Winsor and Newton Artists’ Oil Colour hand-painted colour chart
Selecting your paints based on a printed colour chart or colours on a web page will give you an approximation of the colour, but as well as not being completely accurate, they are not paint so the shine, opacity, colour strength and other qualities will not be visible. The most accurate (and enjoyable) way of choosing your colours is using a hand-painted colour chart.. The actual oils you are buying are painted onto card and labelled with the name, colour number, opacity and lightfastness rating. The colour is drawn down from a thick layer to show the mass tone to a thin layer to show the undertone. By combining this with all the technical information supplied on the printed colour chart like opacity, pigment names and numbers, permanence and more you can better understand the colours you are choosing and using.
Click on the underlined link to go to the current offers on the Winsor & Newton Artists Oil Colour on the Jackson’s Art Supplies website.
Postage on orders shipped standard to mainland UK addresses is free for orders of £39.
Me KASHYAP vyas from India Artist wanna buy
colours in India where can I….
Hello
We ship paints and materials to India. You can buy from our website jacksonsart.com
When you register on the website and log in the checkout page will tell you the shipping costs before you pay.
The shipping is based on weight.
There is more information on our shipping page.
Hi Julie,
Would you give us a discussion about the
new range of “cadmium-free xxx oil paints”
by Winsor & Newton?
Hi John
I will start off the conversation saying I haven’t tried them and I’m not sure what I think of the idea.
We lead the group advocating for not banning cadmium in artist’s paints a few years ago because we think they are both an important part of the artists palette and the form of cadmium used in artists paints it much safer than that used in other products, so they are not a danger to the artist or the environment.

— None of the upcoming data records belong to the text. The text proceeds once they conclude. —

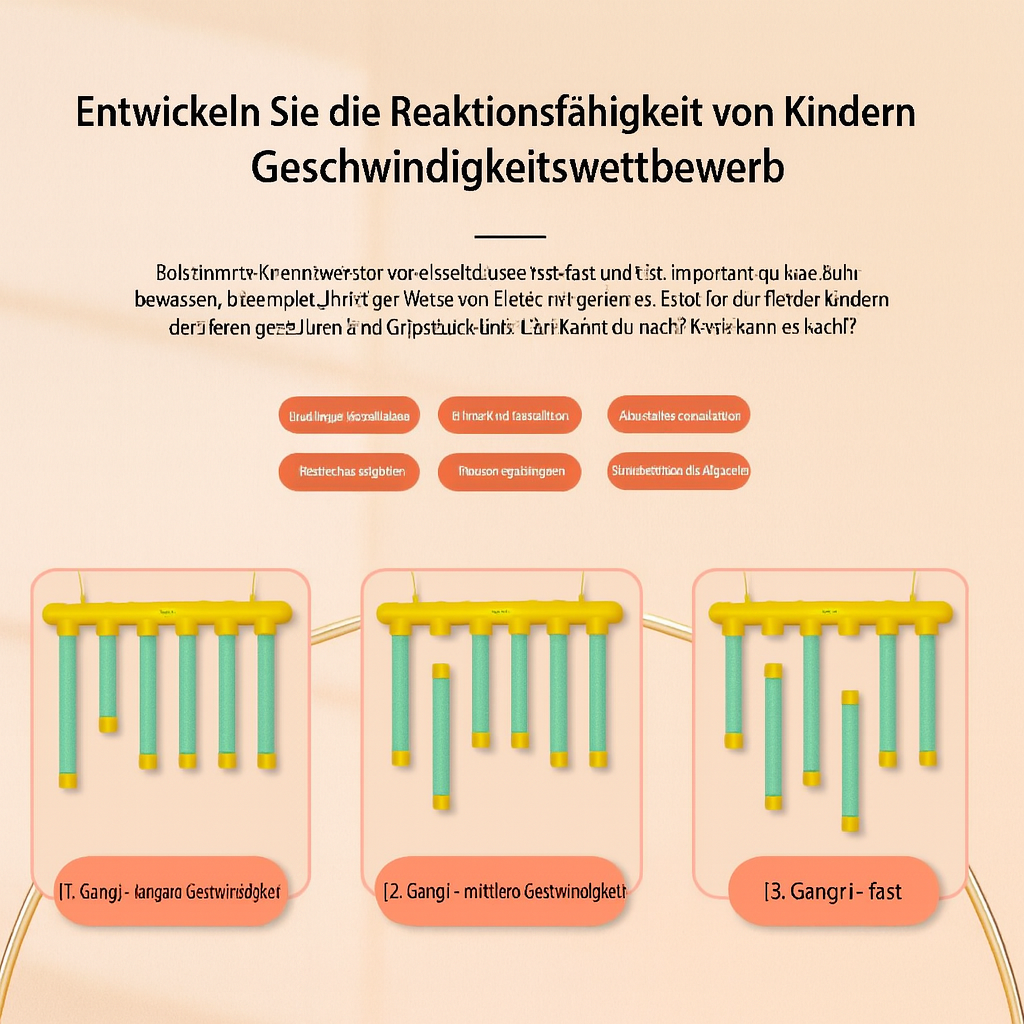 SpeedCatch – The Ultimate Reaction Game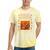 Family Vacation Grand Canyon 2026 Nostalgia Tie-Dye T-Shirts Yellow Tie-Dye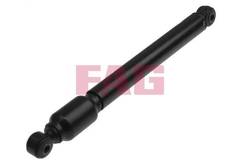 Stūres vadības amortizators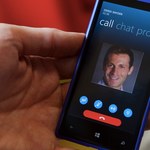 Nowy Skype na Windows Phone 8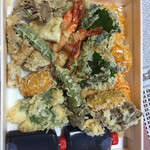 Tempura Washoku Daigo - 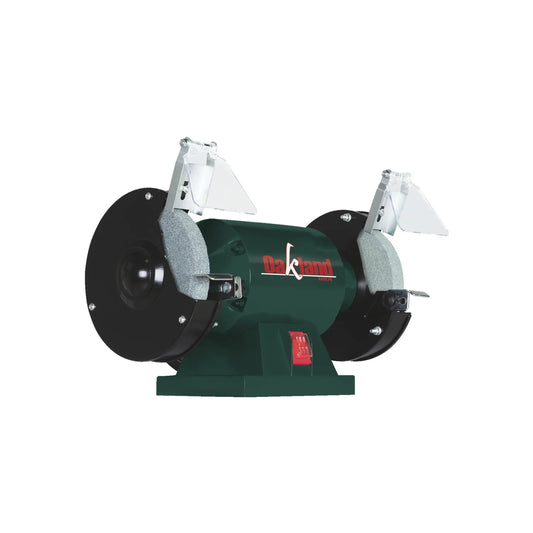 Esmeril de banco 6" 1/2 HP OaklandEB-126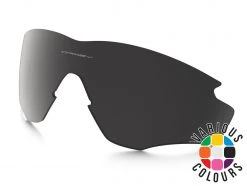Oakley M2 Replacement Lenses for Sunglass Spares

I use lots of other reds and yellows but sometimes a real cadmium is the only thing that works for the brightness and opacity you get from them. The brands now making cadmium-free paints – Liquitex, Winsor & Newton, Lefranc & Bourgeois – are all owned and distributed by the same company. If they are mimicking cadmiums but using alternative pigments then they are cadmium hues, right. But they cost more than real cadmiums, so I wonder what is in them. But I can’t tell what’s in them because they are the only colours for which the makers keep the pigments secret. Which seems odd to me as the people who might want to avoid cadmiums are those who will want to know what’s in their paints.
I haven’t wanted to buy a hue for a higher price. And I generally use single pigment paints so I can predict my colour mixing, so I didn’t want to use a mystery paint. And I’m happy with my cadmiums. So I haven’t tried the cadmium-free paints. If anyone has tried them and wants to chime in, let us know what you think.
Hi Julie,
Thanks for share with us your
thought.
I don’t intend to use and it would be
interesting to know what’s in the so-
called cadmium-free paints.
I agree, it would be interesting to know. But it is their closely guarded secret.